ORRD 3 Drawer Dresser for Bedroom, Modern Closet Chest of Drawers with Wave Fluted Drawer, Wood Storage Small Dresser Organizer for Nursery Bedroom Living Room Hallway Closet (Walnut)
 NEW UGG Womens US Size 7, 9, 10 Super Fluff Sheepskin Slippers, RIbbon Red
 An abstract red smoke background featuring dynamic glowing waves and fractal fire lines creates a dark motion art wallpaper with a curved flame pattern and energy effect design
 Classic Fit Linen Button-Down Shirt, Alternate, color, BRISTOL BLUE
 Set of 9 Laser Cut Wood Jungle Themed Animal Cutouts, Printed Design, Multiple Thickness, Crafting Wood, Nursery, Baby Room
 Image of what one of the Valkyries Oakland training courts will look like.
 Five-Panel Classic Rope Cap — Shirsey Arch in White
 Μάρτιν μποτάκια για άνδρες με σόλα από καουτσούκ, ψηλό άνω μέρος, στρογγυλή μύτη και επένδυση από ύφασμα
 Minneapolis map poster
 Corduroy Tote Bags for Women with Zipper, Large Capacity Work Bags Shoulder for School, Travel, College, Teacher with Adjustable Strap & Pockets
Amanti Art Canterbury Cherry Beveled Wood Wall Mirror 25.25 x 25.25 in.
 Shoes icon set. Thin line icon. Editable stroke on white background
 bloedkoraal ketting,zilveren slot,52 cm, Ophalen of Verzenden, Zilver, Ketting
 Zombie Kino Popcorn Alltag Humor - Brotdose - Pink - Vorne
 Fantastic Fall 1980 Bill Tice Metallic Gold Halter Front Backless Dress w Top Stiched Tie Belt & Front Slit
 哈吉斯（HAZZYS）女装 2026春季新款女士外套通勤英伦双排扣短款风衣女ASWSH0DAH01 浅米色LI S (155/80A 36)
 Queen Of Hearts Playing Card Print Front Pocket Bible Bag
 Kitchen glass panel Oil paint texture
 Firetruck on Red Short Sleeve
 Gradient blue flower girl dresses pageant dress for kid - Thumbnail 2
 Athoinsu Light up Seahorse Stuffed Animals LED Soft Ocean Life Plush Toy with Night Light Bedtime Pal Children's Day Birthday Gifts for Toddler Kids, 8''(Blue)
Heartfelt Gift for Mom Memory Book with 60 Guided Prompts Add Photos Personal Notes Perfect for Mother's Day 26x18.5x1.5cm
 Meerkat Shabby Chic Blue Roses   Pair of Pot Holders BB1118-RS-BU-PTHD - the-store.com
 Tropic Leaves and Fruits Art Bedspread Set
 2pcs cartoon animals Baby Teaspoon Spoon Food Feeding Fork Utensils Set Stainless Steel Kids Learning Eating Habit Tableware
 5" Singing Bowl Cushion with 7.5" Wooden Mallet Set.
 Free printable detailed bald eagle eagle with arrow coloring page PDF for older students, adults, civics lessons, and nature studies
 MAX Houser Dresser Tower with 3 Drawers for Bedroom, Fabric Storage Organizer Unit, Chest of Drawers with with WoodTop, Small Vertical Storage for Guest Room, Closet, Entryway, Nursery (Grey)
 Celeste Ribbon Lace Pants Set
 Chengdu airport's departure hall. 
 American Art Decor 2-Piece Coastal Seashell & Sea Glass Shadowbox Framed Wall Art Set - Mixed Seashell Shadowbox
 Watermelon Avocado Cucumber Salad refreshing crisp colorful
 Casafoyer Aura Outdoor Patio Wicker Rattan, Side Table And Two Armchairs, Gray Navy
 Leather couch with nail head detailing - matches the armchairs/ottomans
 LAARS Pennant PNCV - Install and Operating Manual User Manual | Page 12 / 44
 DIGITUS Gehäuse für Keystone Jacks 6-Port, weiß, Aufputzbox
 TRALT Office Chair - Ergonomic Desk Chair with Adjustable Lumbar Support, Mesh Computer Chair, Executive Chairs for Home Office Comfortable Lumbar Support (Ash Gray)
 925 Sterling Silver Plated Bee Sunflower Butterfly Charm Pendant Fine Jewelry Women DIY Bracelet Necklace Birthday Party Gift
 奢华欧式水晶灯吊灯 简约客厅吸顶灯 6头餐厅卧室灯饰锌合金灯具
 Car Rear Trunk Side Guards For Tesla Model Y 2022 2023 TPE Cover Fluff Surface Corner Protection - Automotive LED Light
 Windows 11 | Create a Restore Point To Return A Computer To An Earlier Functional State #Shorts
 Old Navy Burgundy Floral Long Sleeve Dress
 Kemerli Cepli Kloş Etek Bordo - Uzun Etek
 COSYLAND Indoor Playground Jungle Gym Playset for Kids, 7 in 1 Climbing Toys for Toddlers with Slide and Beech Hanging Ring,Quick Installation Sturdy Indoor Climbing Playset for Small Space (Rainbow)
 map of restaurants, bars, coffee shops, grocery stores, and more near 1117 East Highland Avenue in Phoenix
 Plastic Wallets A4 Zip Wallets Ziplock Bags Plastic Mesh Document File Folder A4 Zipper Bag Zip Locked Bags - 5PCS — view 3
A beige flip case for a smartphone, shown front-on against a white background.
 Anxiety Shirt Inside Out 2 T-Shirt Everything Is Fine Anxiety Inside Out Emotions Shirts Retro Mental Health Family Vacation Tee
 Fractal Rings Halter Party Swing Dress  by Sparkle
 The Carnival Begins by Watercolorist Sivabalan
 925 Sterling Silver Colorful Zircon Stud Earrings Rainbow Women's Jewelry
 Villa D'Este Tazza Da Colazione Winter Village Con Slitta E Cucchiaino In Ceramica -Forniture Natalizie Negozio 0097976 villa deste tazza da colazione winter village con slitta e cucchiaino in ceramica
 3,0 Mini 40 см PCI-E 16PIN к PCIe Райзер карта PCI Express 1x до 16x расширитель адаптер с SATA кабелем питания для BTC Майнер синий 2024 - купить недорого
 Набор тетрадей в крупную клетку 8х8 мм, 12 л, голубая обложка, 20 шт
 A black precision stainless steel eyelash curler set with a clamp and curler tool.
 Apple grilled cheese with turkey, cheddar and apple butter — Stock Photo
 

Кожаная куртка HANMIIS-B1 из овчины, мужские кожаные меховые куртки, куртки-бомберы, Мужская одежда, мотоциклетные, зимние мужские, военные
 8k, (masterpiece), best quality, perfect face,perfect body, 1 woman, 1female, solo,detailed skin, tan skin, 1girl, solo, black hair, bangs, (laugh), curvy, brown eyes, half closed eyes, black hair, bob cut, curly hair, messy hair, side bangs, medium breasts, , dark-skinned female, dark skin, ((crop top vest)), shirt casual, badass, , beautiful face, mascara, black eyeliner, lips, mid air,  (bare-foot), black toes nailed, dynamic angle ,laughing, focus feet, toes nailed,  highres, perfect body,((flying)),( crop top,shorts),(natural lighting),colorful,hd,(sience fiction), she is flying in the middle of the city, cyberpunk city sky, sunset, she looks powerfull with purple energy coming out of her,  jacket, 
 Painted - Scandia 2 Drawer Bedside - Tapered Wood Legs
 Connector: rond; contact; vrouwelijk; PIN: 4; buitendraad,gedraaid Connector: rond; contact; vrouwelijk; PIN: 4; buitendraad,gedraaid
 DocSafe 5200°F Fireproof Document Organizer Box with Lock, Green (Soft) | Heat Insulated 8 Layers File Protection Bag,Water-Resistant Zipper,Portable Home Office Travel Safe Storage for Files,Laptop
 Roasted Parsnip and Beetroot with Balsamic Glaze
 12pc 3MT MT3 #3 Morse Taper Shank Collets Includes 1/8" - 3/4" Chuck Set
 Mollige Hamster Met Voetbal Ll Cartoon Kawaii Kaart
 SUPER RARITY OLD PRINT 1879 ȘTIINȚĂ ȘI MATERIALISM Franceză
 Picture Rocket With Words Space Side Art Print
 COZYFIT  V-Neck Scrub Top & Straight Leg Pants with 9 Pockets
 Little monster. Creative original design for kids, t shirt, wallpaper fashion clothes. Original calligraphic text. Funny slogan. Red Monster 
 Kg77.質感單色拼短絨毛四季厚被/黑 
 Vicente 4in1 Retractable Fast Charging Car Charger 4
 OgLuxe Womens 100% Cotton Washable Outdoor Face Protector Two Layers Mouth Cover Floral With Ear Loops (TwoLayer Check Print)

+++

A copy of each line in the data above that holds the string "Bedroom" is needed.

ORRD 3 Drawer Dresser for Bedroom, Modern Closet Chest of Drawers with Wave Fluted Drawer, Wood Storage Small Dresser Organizer for Nursery Bedroom Living Room Hallway Closet (Walnut)
 MAX Houser Dresser Tower with 3 Drawers for Bedroom, Fabric Storage Organizer Unit, Chest of Drawers with with WoodTop, Small Vertical Storage for Guest Room, Closet, Entryway, Nursery (Grey)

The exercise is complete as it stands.